The approach spans maritime, air, space, cyber and land domains, emphasizing flexible, interoperable assets designed to let commanders generate intelligence, surveillance and reconnaissance capabilities and combat power from anywhere in the battlespace. The company describes it as a force-multiplying system-of-systems built to plug directly into the joint force and deliver tailored distributed maritime effects at scale.
“This is about connecting platforms and enabling the mission,” said Eric Chewning, executive vice president of maritime systems and corporate strategy at HII. “Through open architecture, modular design, and rapid deployment models, we enable seamless integration of advanced technologies across platforms. By investing in autonomy and AI, we ensure that the U.S. Navy, Joint Force, and allied navies can adapt in real time to emerging threats using scalable, interoperable solutions.”
The industrial strategy underscores a shift from concentrated force to distributed, integrated operations across domains, featuring autonomy and manned-unmanned teaming. It moves away from platform-centric operations toward a networked model in which sensing, decision-making and effects are decoupled from single systems or linear kill chains.
Combining core fleet ships, autonomous systems and mission-enabling technologies, the framework is intended to help commanders tailor forces to operationalize the Hedge Strategy and warfighting concepts through scalable formations of manned-unmanned platforms. It is also designed to enable data collected in one domain to produce effects in another, supporting joint and coalition operations and allowing geographically dispersed forces to deliver outcomes at greater speed, scale and tempo.
At the center of the operational architecture is the HII-developed and government-owned Minotaur Mission Management System, an open-architecture command-and-control platform that fuses maritime, air, space and undersea sensor data into a unified operational picture and enables contributions to joint tracking, targeting and fires. Built on open architecture, Minotaur is intended to ensure that platforms like ROMULUS and future systems can integrate into joint and coalition operations without creating dependencies on any single platform, with the goal of faster decisions, tighter integration and effects delivered across the battlespace with speed and precision.
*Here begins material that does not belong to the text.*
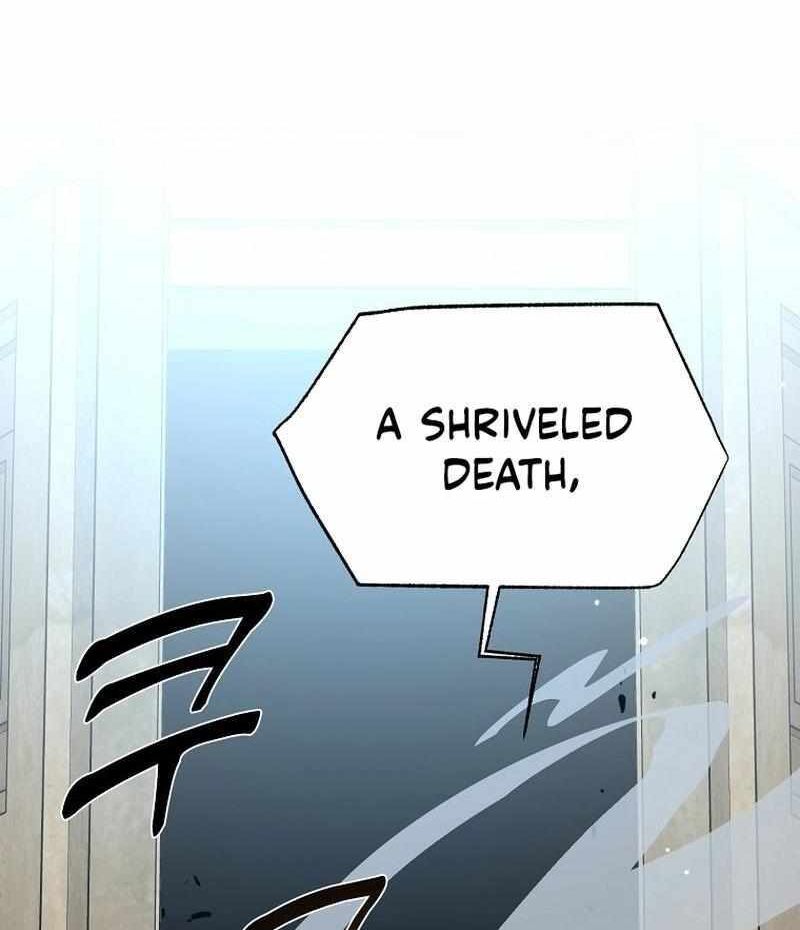 Read Bug Player (en) Manga Online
Autonomous operations are coordinated through HII’s Odyssey Autonomous Control System, which applies autonomy algorithms and artificial intelligence for navigation, coordinated behaviors and distributed sensing missions. Integrated with Minotaur, Odyssey enables operators to supervise and manage multiple unmanned platforms simultaneously, centralizes command and control of distributed unmanned assets, increases data collection and operational reach, and shortens the sensor-to-shooter timeline to improve survivability and lethality in contested environments.
HII emphasizes containerized, mission-ready payloads that can be rapidly deployed across a range of manned and unmanned maritime platforms, supporting reduced integration timelines and costs, rapid force reconfiguration, and distributed maritime and joint operations without platform dependency.
The concept is positioned to support the Navy’s evolving Hedge Strategy by providing commanders with more flexible, scalable options for presence and combat power. While aircraft carrier strike groups remain the centerpiece of U.S. naval power projection, distributed, unmanned-enabled forces are described as expanding their reach, extending awareness and creating additional dilemmas for adversaries.
By prioritizing open architecture and interoperability, commercial acquisition models, rapid integration and deployment cycles, and continuous iteration at the operational edge, HII is presenting a shift toward speed, adaptability and mission-focused innovation in maritime power.